Je cherche, mais je n'ai pas encore trouvé la source précise de cette douleur... Beaucoup trop de possibilités.."Pas normal" me dis-je....
Cerbère s'est endormi?
Le portail de la mort, entrebâillant, laisse s'échapper le feu de la mort sur ce petit rien qu'on appelle "Liban" aux infos.
Mon petit rien, qui me tiens la main quand je trébuche....
Mon petit rien, mon amour impossible... Ils m'accusent tous de subjectivité quand je parle du Liban..."Mais toi tu l'aimes parce que c'est ton pays, c'est normal" disent-ils!!!
Ils parlent d'"aimer" et n'y connaissent rien!
L'amour, c'est quand tu arrêtes d'exister, quand tu deviens amour, ton ego se perd comme une tache de vin entre les plis d'un satin rouge...

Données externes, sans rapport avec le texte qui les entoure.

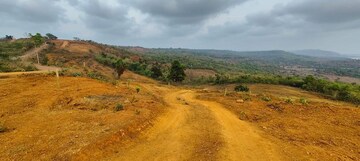 Plot Area in  Plot at Dapoli – for Sale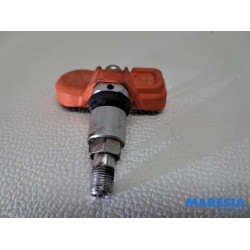 Peugeot - 207 - Bandenspanningsensor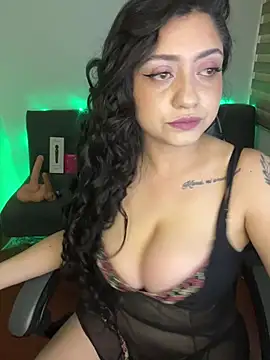 Amyy 1 online show from 06-01-26, 07:59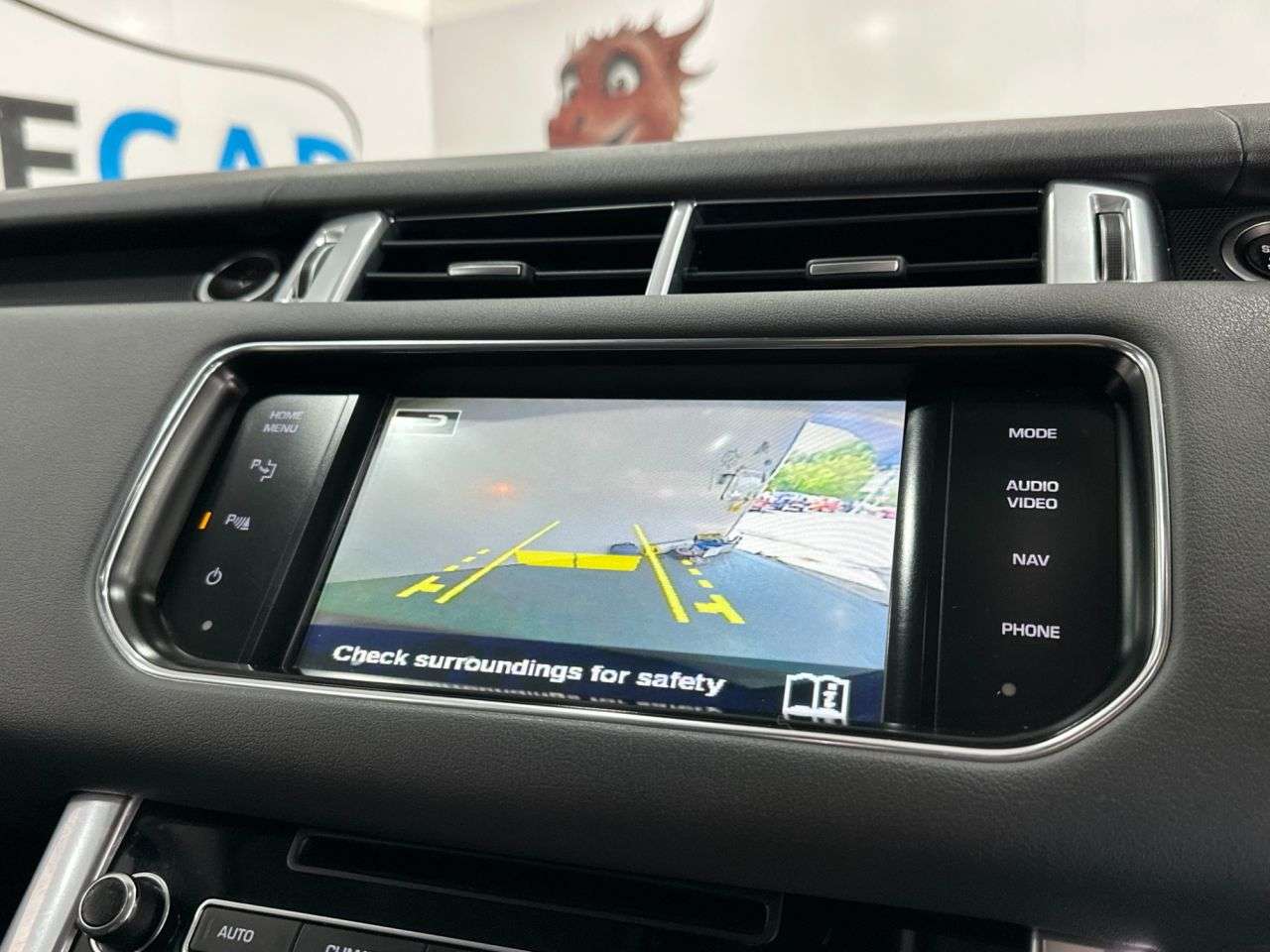 2015 LAND ROVER RANGE ROVER SPORT 2015 LAND ROVER RANGE ROVER SPORT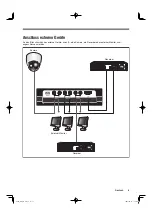 Предварительный просмотр 61 страницы Sanyo VMC-L2017 Instruction Manual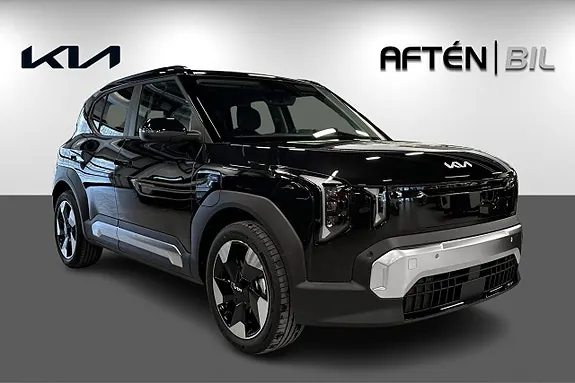 Kia Ev2 2027 photo 5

Je comprends ce que les soufis ont compris pour affirmer que, jusqu'à la fin du monde, il y aura, là-bas dans les vallées du Mont-Liban des sages "qui sont un avec le temps et le lieu, ce qui est passé et ce qui viendra". Simple nuance linguistique; moi, j'aurais dit "fous"...
Tu ne pourras jamais comprendre le sens que peux prendre, la mort pour ce "Liban", si tu n'as jamais tendu l'oreille pour entendre ce qu'il te chuchote... Si tu n'as pas vu que le café matinal, près du port à Tripoli, et les vents des vallées de Jabal aamel, ne sont que mots différents, d'une seule langue... Que le verre de whisky sec à "Monot" et l'odeur de la mer à Saida, ne sont que doigts d'une seule main.....
Je ne connais pas encore précisément la raison qui me noue l'estomac.
C'est peut-être le désespoir que je vois dans les yeux des miens, même quand ils le cachent tous!
C'est peut-être la culpabilité que me fait ressentir mon désir de sacrifice, et qui m'empêche de me perdre aujourd'hui dans la langue de ce "Liban".
C'est peut-être l'envie incontrôlable de vouloir faire subir aux mères de l'ennemi, ce que l'ennemi fait subir à nos mères!
C'est désolant!
C'est peut-être, que pour la première fois de ma vie, je me sens réellement exilé.. La première fois que je ressens l'impossibilité - quoique temporaire, j'espère du retour...
L'exil est la punition ultime...
Jésus leur a répondu "Prenez mon corps, mais vous ne prendrez jamais mon rêve", je ne l'ai lu dans aucun livre, je ne l'ai entendu dire dans aucune langue mais je t'entends, Toi qui as réalisé ta réelle existence, celle qui se libère de la matière, de ce cercueil qu'est le corps.. Toi qui as aimé ce "Liban.Toi qui l'a pris dans les bras!
Au téléphone, du Liban, mon oncle m'a dit: "Combien de guerriers ont voulu conquérir ce pays? Pourtant, là voilà cette même montagne, en face de moi, plongeant dans cette même mer, depuis toujours".
Qu'ils viennent avec leurs chiens dressés, qu'ils se cachent derrière leurs futiles armures, qu'ils nous inondent dans des torrents de feu et de sang... Nos rêves roderont toujours sur cette terre, y feront pousser des oliviers et des hommes, du blé et des barques de pêcheurs!